# My New Piranha, Id Help Please



## Sylar_92 (Dec 15, 2010)

There a few pics posted from yesterday but the fish was stressed at the time so I couldnt get a accurate Id on him. These pics i have now were taken 20mins ago and the piranha is comfortable now, he is showing jis true colours and is finger chasing now. I love the purple shine he has on his scales and his ruby red eyes. Tell me what you guys think this piranha is, a comp or a altuvei. the red pic was taken in red so I we can see the diamond pattern it has more clearly.


----------



## Johnny_Zanni (Nov 8, 2009)




----------



## Briaan (Feb 9, 2011)

From a sanchezi to a smiley face lmao, what made you edit your opinion zanni?


----------



## Johnny_Zanni (Nov 8, 2009)

Briaan said:


> From a sanchezi to a smiley face lmao, what made you edit your opinion zanni?


Just wanna see what others think. How big is the fish. Thats one thing I missed.

Compressus is a big possibility. As is Sanchezi as is Altuvie. I honestly hope its an Altuvie


----------



## CLUSTER ONE (Aug 2, 2006)

1) Compressus
2) Sancehzi
3) Rhom

I personally wouldn't say altuvie unless you were sure of the collection point as they are rare in both the hobby and nature. I'd give it a month then try again for pics when it isn't so pale as i'd like to see its tail colouration (some pics it looks like there is a black terminal tail band while and humeral spot while at other times I can not see them) and belly scutes better.

In the other topic it was said this fish is about 5.5" I beleive.


----------



## Sylar_92 (Dec 15, 2010)

alright thanks guys, I'll post more pics within a month. In the pics you cant see the edge of the tail but today when I checked the edge of the tail is growing back and looks like there was a terminal band there before, same problem with my juvi black rhom when i first got him.


----------



## JoeDizzleMPLS (Nov 5, 2007)

Tough to say with those pics, but if we're throwing out guesses I'd probably say sanchezi


----------



## Piranha_man (Jan 29, 2005)

I'm gonna say _S. sanchezi_ as well...

I don't see a prominent enough terminal band for it to be either _S. altuvei_ or _S. compressus._

edit: I just went back and read about the tail... where he had more of a terminal band...
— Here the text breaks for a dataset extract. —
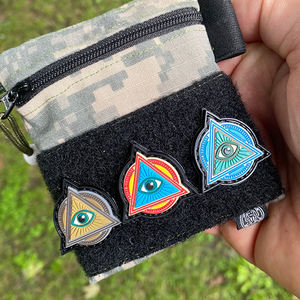 Patch personnalisé en PVC <span class=keywords><strong>pour</strong></span> les yeux Illuminati 3D en caoutchouc souple crochet et boucle <span class=keywords><strong>pour</strong></span> les yeux de <span class=keywords><strong>ranger</strong></span> patch carré phosphorescent <span class=keywords><strong>pour</strong></span> sacs et vestes - Product Image 2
I'm still gonna say S. sanchezi though... based on his head, and especially his eyes.


----------



## CLUSTER ONE (Aug 2, 2006)

In the vid (by Briaan) there appears to be more of a terminal band which could because im assuming these recent pics where after if was recently transferred again so that could be why it is abit pale. I think it has a terminal band but it is just pretty drab right now and not just not clear and obvious. Its high forhead that goes up at almost 90 degrees and its faint hummeral spot (probably faded for the same reasons and the terminal band) as a couple of the reasons my main thought is compressus. Sanchezi wouldn't have a terminal band, humeral spot and its forhead wouldn't be as steep (IMO) when it gets some colour back a sanchezi should show alot more red when it is back to good health.


----------



## Sylar_92 (Dec 15, 2010)

I was going through the forums on P-Fury when I came along this Thread, I looked over it and the piranha displayed is a compressus. When I cross referencce the pics I have with these pics it looks as if my piranha could actually be a comp, but since the tail is not fully grown back yet I have a 25% guess thats its a altuvei. Heres the link: http://www.piranha-fury.com/pfury/index.php?/topic/181577-my-85-9-compressus/


----------



## Ja'eh (Jan 8, 2007)

In my opinion I honestly see a compressus. Maybe if you can get a closer up shot of the scutes.


----------



## Sylar_92 (Dec 15, 2010)

Ja said:


> In my opinion I honestly see a compressus. Maybe if you can get a closer up shot of the scutes.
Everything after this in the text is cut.